___ Dataset extract
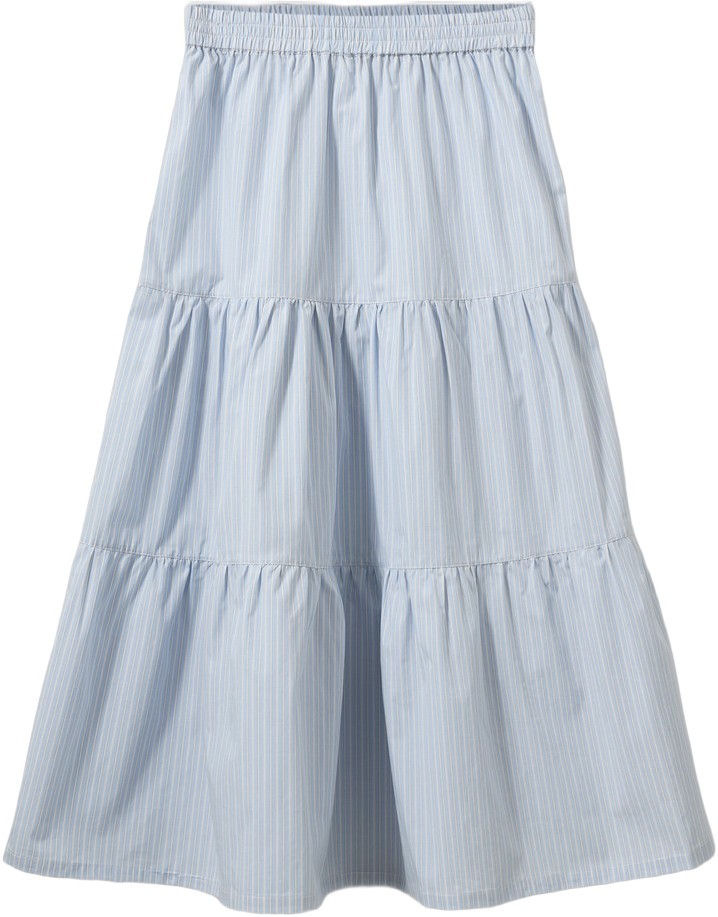 Vivisy Skirt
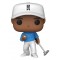 Funko Tiger Woods Blue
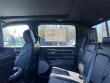 2026 Ram 1500 LARAMIE CREW CAB 4X4 5'7 BOX Pickup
______
Print the data again, word for word, without any pictures.

 Vivisy Skirt
 Funko Tiger Woods Blue
 2026 Ram 1500 LARAMIE CREW CAB 4X4 5'7 BOX Pickup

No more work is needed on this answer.